*How to complete this task*. No pictures should be carried over. Output all other parts of the entries verbatim.

START Information

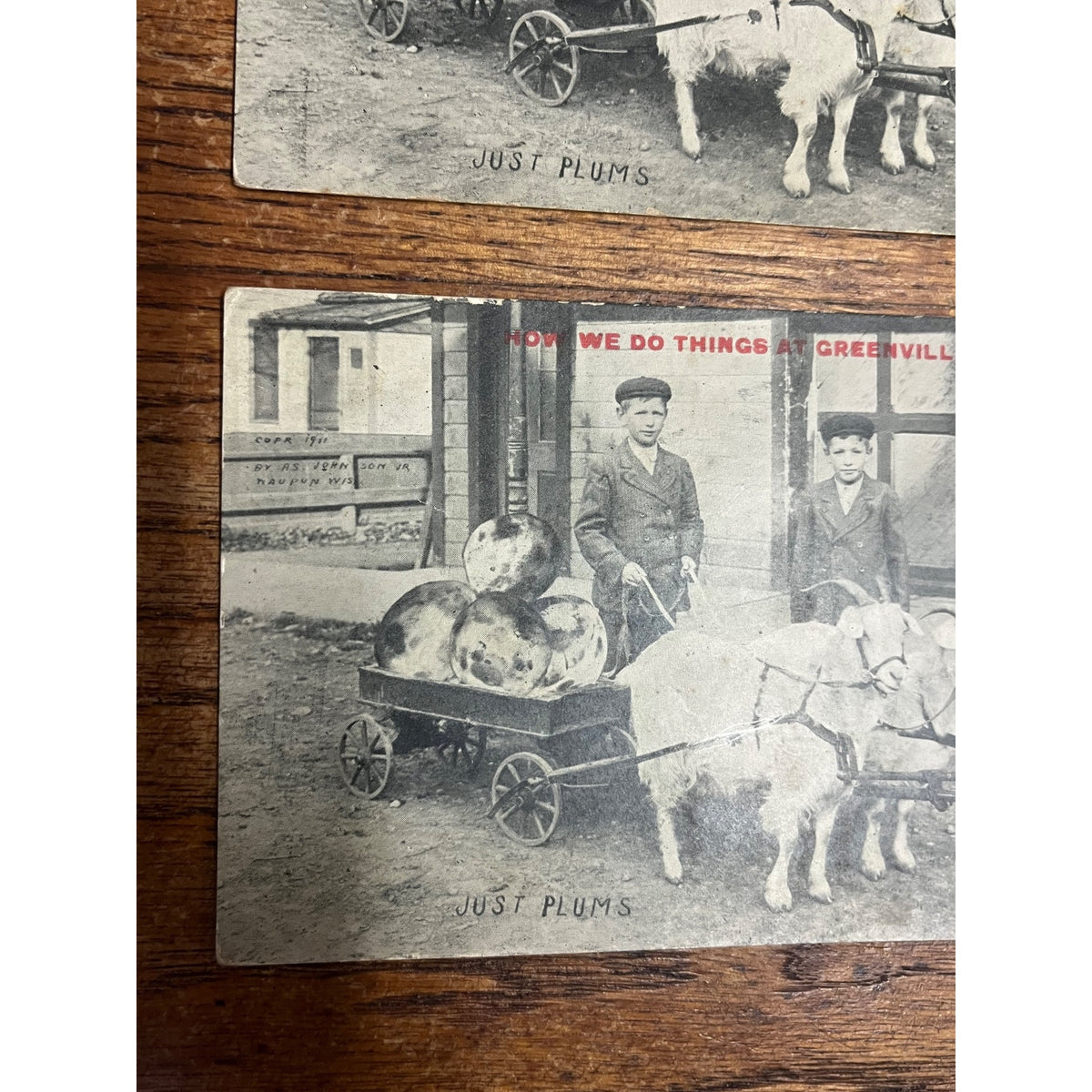 Vintage Lot Greenville Wisconsin Humorous Postcards Goat Cart Ducks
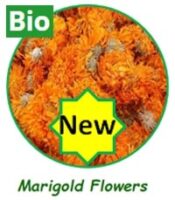 Marigold Flowers (Bio)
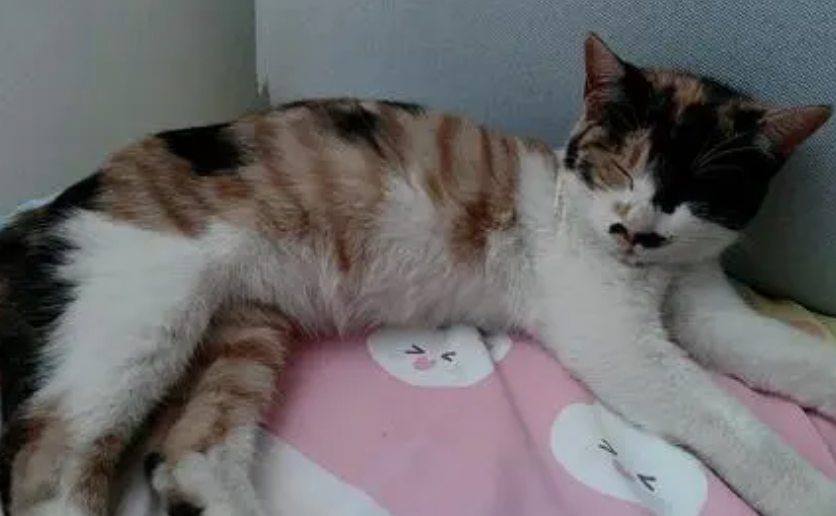 3万只才出现1只!雄性三色花猫身价高达百万 3万只才出现1只!雄性三色花猫身价高达百万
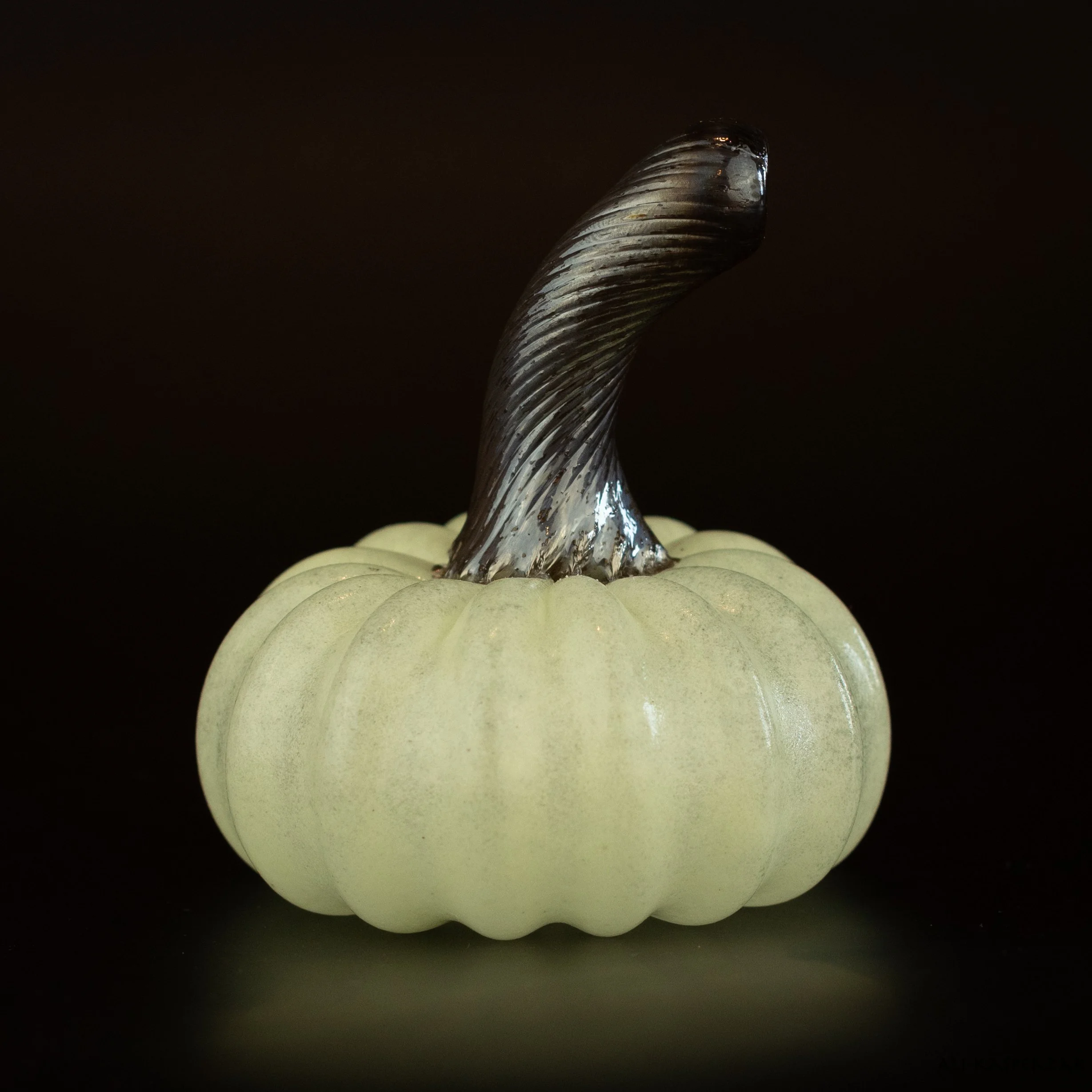 Pumpkin-46.jpg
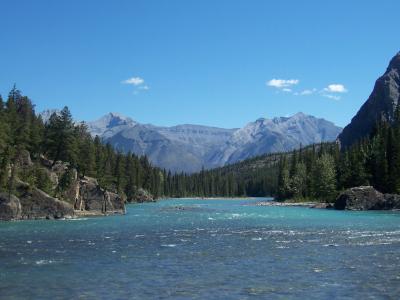 河, 加拿大, 蓝色, 蓝天旅游, 假日, 树, 绿色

END Information

*Task solution*.
 Vintage Lot Greenville Wisconsin Humorous Postcards Goat Cart Ducks
 Marigold Flowers (Bio)
 3万只才出现1只!雄性三色花猫身价高达百万 3万只才出现1只!雄性三色花猫身价高达百万
 Pumpkin-46.jpg
 河, 加拿大, 蓝色, 蓝天旅游, 假日, 树, 绿色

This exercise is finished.